Menurut KBBI, dokter adalah lulusan pendidikan kedokteran yang ahli dalam hal
penyakit dan pengobatannya. Sedangkan perawat berasal dari kata rawat yang
berarti jaga, urus, pelihara. Pada dasarnya kita semua merupakan perawat baik
bagi diri sendiri dan orang lain, bedanya mereka perawat memiliki pendidikan
khusus dalam hal merawat, terutaama merawat orang yang sakit.
Berbanding terbalik
dengan definisi sehat, sakit adalah keadaan manusia yang tidak sejahtera baik
secara jasmani, rohani, ekonomi, maupun sosial. Penyakit adalah penyebab
terjadinya keadaan sesorang menjadi tidak nyaman baik berupa virus, bakteri
bahkan akibat pola hidup manusia itu sendiri.
BAB II
PEMBAHASAN
1. Peran
Dokter
Di masyarakat, dokter
sangatlah besar pengaruhnya untuk meningkatkan kwalitas kesehatan terutama
dalam penyembuhan sebuah penyakit. Berhasilnya upaya kesehatan menyebabkan
munculnya pola penyakit yang berbeda sehingga peran dokter dalam berbagai upaya
pelayanan kesehatan pun berubah. Dalam upaya kuratif,dokter masa kini harus
siap untuk menolong pasien, bukan saja yang berpenyakit akut tetapi juga yang berpenyakit
kronis,penyakit degeneratif dan harus siap membantu kliennya agar dapat hidup
sehat dalam kondisi lingkungan yang lebih rumit masa sekarang ini. Untuk itu ia
harus mengenal kepribadian dan lingkungan pasiennya. Upaya prevensi pun
bergeser dari orientasi kesehatan masyarakat lebih kearah kesehatan perorangan
(private health).
Sosok seorang dokter
pun dalam melaksanakan kegiatannya langsung berhadapan dengan pasien. Maka dari
itu, dalam proses teurapetik kita mesti tahu hubungan hukum antara dokter dan
pasien, diantaranya :
a. Pola
Hubungan Hukum Antara Dokter Dengan Pasien
Hubungan hukum antara
dokter dengan pasien telah terjadi sejak dahulu (jaman Yunani kuno), dokter
sebagai seorang yang memberikan pengobatan terhadap orang yang membutuhkannya.

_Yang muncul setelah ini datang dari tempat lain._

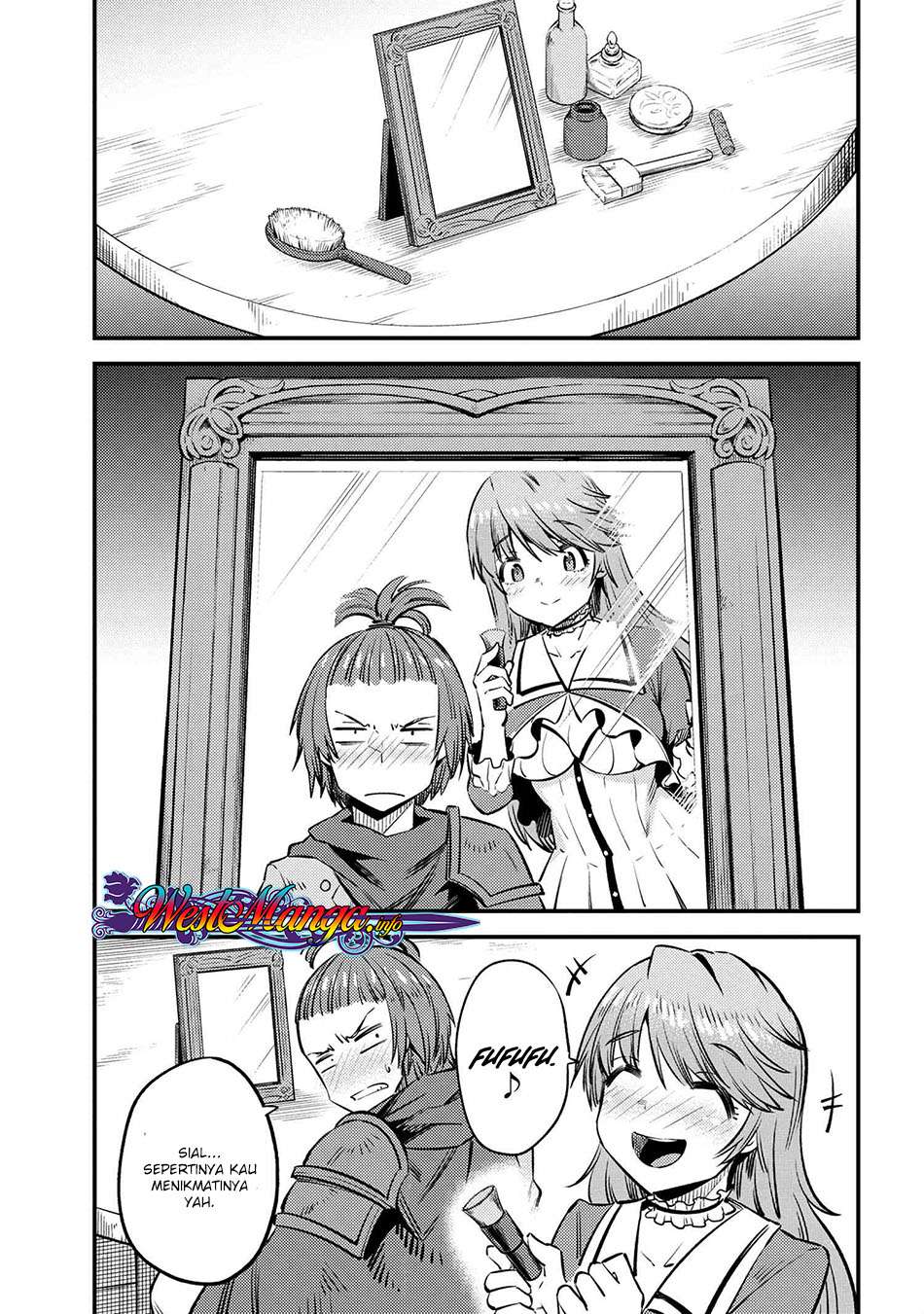 Chapter 21.2 - halaman 2
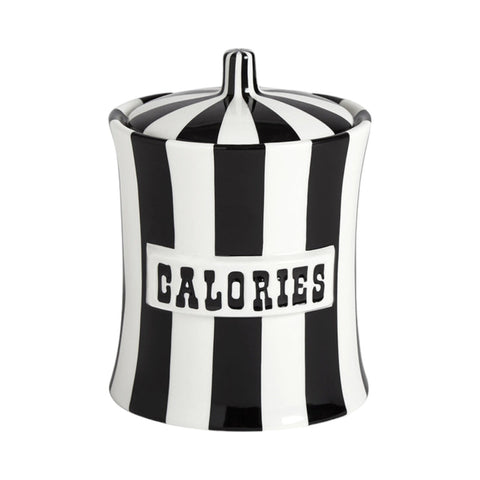 JONATHAN ADLER KALORIEN 26469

Hubungan ini merupakan hubungan yang sangat pribadi karena didasarkan atas
kepercayaan dari pasien terhadap dokter yang disebut dengan transaksi
terapeutik. Hubungan yang sangat pribadi itu oleh Wilson digambarkan seperti
halnya hubungan antara pendeta dengan jemaah yang sedang mengutarakan
perasaannya. Pengakuan pribadi itu sangat penting bagi eksplorasi diri,
membutuhkan kondisi yang terlindung dalam ruang konsultasi.
Hubungan hukum antara
dokter dengan pasien ini berawal dari pola hubungan vertikal paternalistik
seperti antara bapak dengan anak yang bertolak dari prinsip “father knows best”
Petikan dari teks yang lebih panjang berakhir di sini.